_What you will do_: Copy out each line of the material exactly. Pictures do not belong in the copy.

_Data section_:
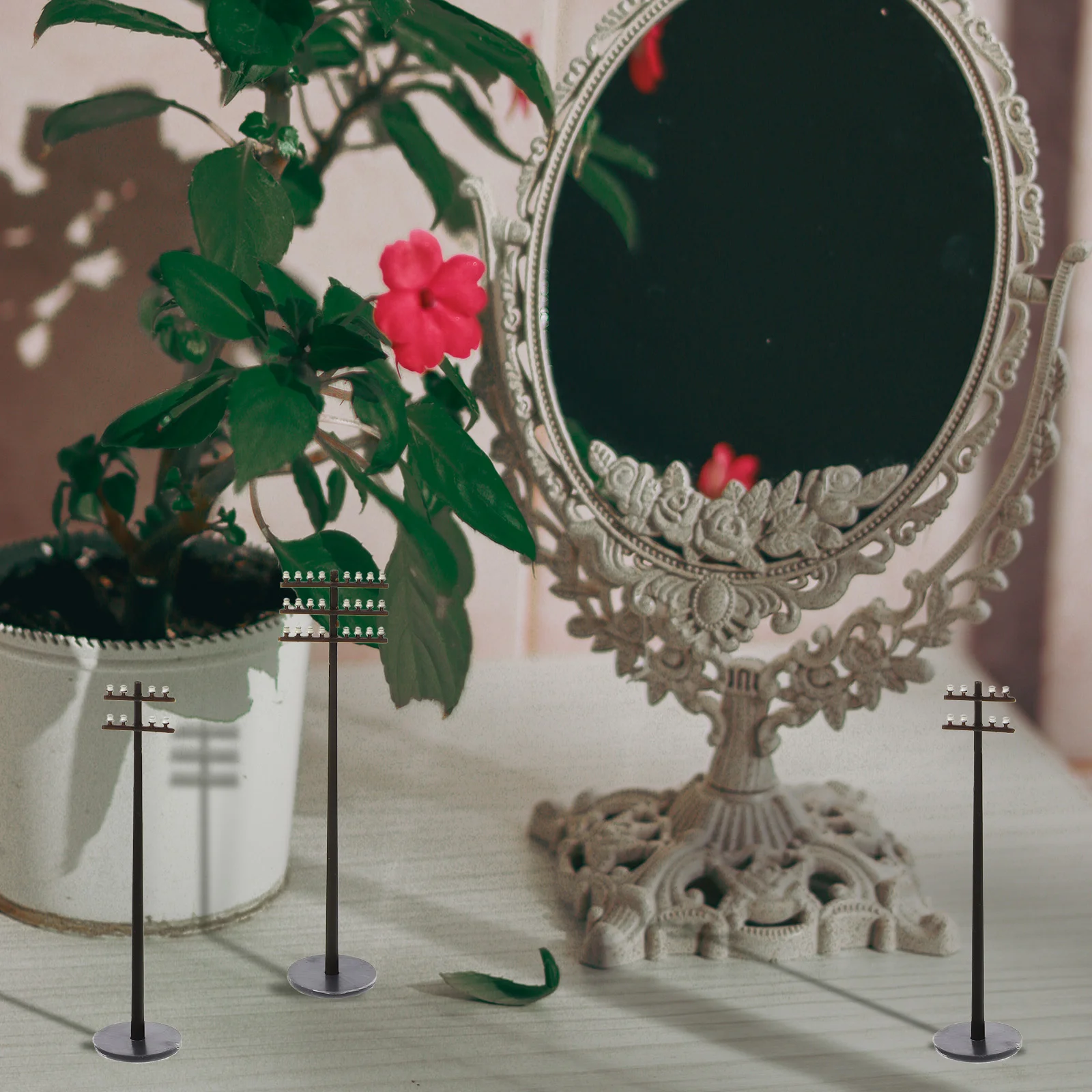 6- шт. микропейзаж телефонный стол черный песок аксессуары для сцены декор абс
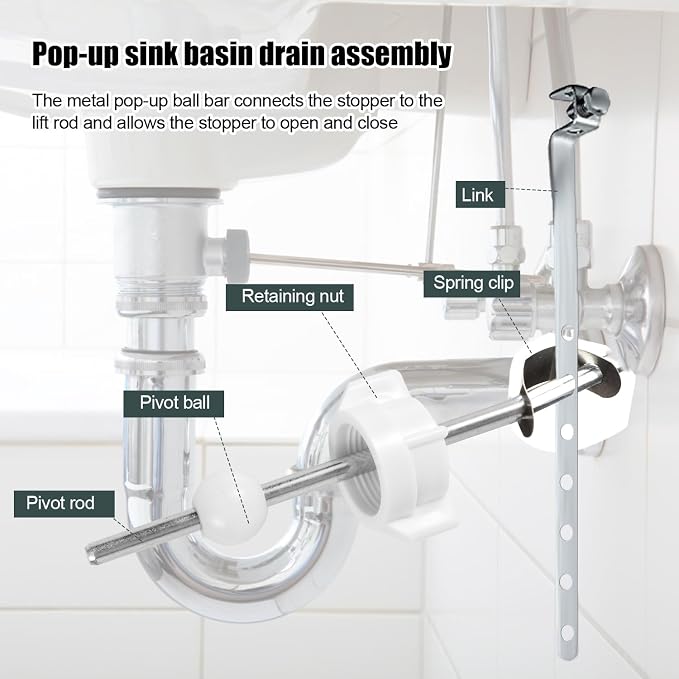 4pcs Sink Drain Parts, Lavatory Pop Up Center Piece Assembly - Image 4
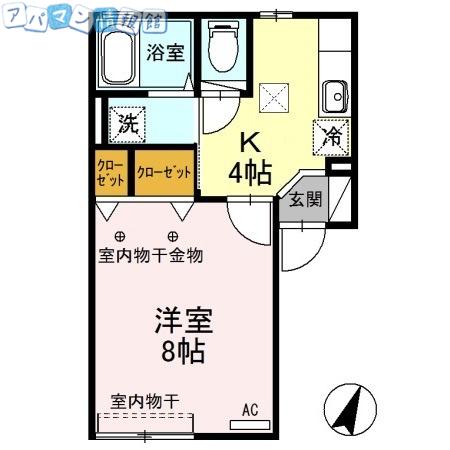 プリムローズ前田(1K/1階)の間取り写真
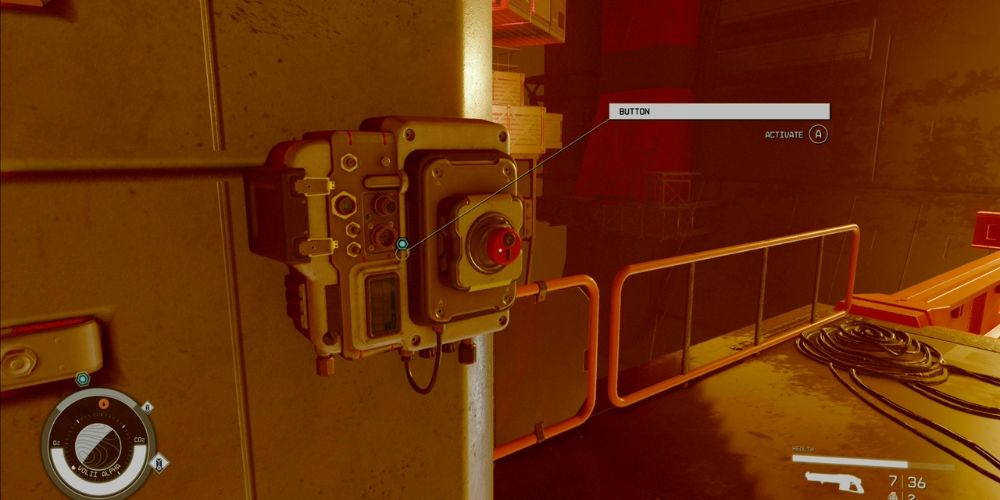 screenshot of a red button in Starfield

_Response_:
 6- шт. микропейзаж телефонный стол черный песок аксессуары для сцены декор абс
 4pcs Sink Drain Parts, Lavatory Pop Up Center Piece Assembly - Image 4
 プリムローズ前田(1K/1階)の間取り写真
 screenshot of a red button in Starfield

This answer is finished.